New York

“The People’s Choice”

Group Material

Group Material is a loose association of about 12 artists committed to working in the area where esthetics and politics meet. The group has existed in one form or another for about a year, operating from a storefront on East 13th Street since last July, and presenting theme shows in which the idea behind each show is considered more important than any of the pieces in it.

The members of Group Material find the notion of production problematic when they consider the role of art objects. To keep from having that production co-opted (something very few overtly political artists have been able to avoid), they downplay and at times repudiate the object in favor of the context. The group’s real work is their use of the storefront as a catalyst. Their ambition, at least at present, is remarkably free of individual careerism, and is focused instead on the creation of the conditions necessary for making communication possible.

One could quarrel with their anachronistic denial of the potential that the art object holds, but not with their genuine desire to initiate discourse. The problem lies within their well-worn means. But these questions are cavils, evidence merely of factional dispute. What is more important in the case of Group Material is their emphasis on the need for discourse, the break that they are attempting from the self-enclosed systems of recent art.

For “The People’s Choice” the group invited the residents on the block to exhibit things that they liked and were important to them. Most brought personal mementoes, photographs and gifts, and a few brought objects that indicated the idiosyncratic tastes of real collectors. Nearly everything came with a story; as a whole, the show turned into a narrative of everyday life, a folk tale in which intimacies were shared without shame.

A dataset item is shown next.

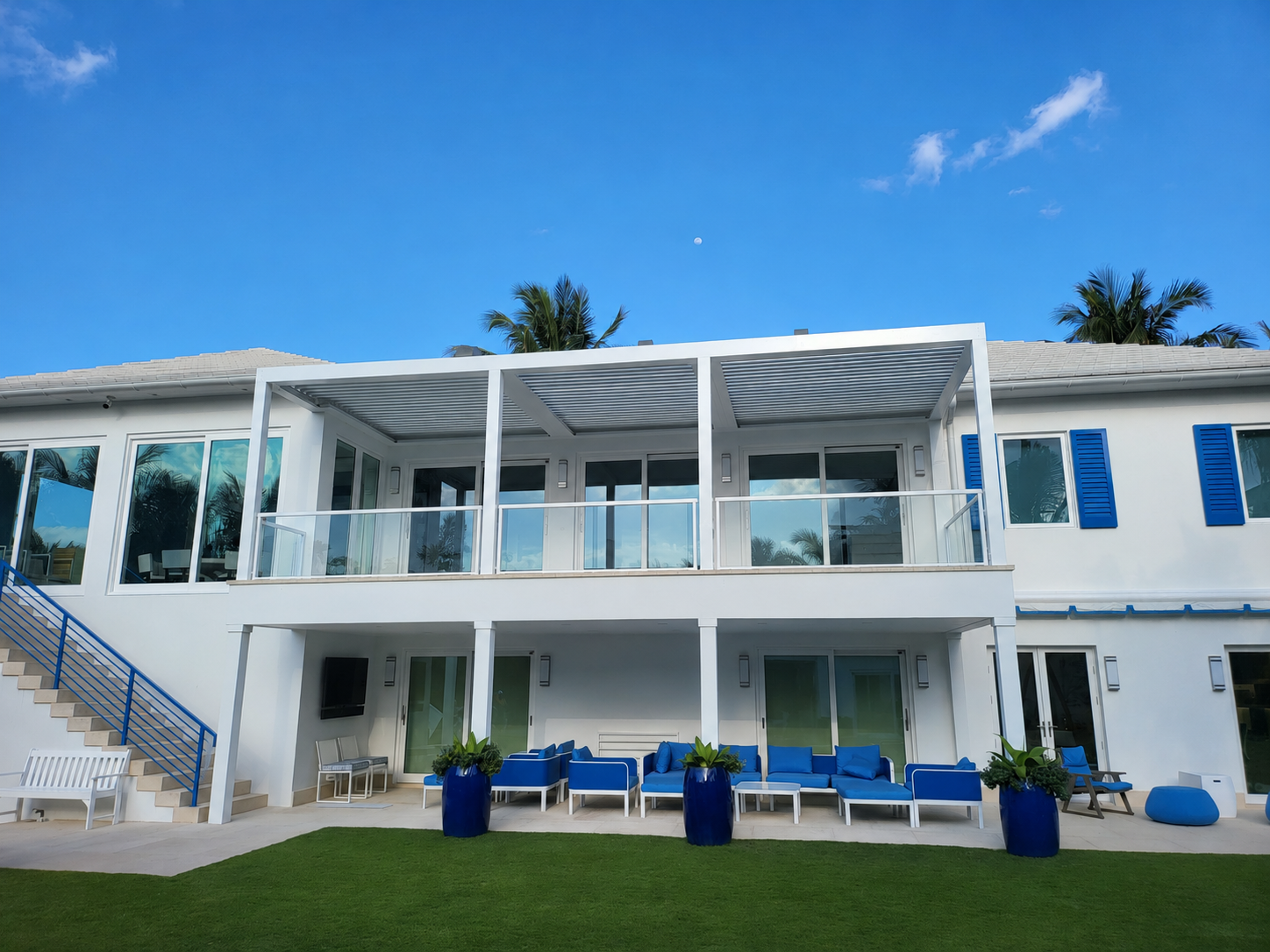 Multi-level South Florida residence with covered outdoor living areas relevant to pergola insurance limits
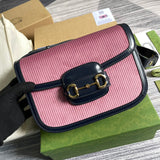 Handle and strap detail of signature polished women's handbag – women's luxury accessory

The artwork on display was diverse in both intent and degree of sophistication. There was a mural done by the kids on the block as part of a weekly project. There were a few amateurish paintings of family, favorite landscapes and pleasing abstract shapes. There were some small clay pieces by someone’s grandmother, now dead. The value of these artifacts lay precisely in their sentimentality, a quality that is absent from most artwork that strives to mean something to a general audience.

Most of the paintings were family souvenirs or gifts. The photographs were of babies, first communions, weddings, pictures taken in the army and, in one case, a billboard of superimposed snapshots documenting the history of an entire family. Each picture had its own story, and together they added up to a moving, detailed record of a small community within the city.

Another category was that of the collectors, people who had chosen to exercise a quirky, personal taste in furnishing their homes. There was a collection of small toy animals from above a person’s kitchen sink, another of PEZ brand candy dispensers, a three-dimensional picture of a covered bridge and a strange-looking valet chair. The function of all of these is mostly esthetic, yet they still have extra-esthetic narratives that sustain them. The most shocking of these was the Robert Morris poster from 1974, infamous in another context, in which the artist posed in S&M costume. It was presented here with the explanation that it was taken from the apartment of a man who had hanged himself.

Apparently different from the very personal, very local content of the bulk of the show, the sculpture of Jorge Luis Rodriguez seemed at first out of place. But the welded-steel construction, a shiny-surfaced dressing table with a crazed, Cubist-inspired structure, soon began to seem more at home. Not only was the image itself a domestic one, and obviously intended to be seen as such, but it soon became clear that Rodriguez’s role on the block was a special one. He is the community’s artist, working with the community’s own icons and supported by the people he serves.

The artists of Group Material are clearly serious in their commitment to the idea that art can be used as an instrument for social and political change, and to date their interventions have demonstrated a remarkable intelligence. But like all such groups, they will probably suffer from the contradiction that lies at the heart of their existence. No matter what their aspirations are, no matter their abilities, at some point each member of the group will be faced with a terrible, if familiar, choice—between political or esthetic action. Until then, Group Material will probably present some of the most provocative and thoughtful shows to be seen in New York.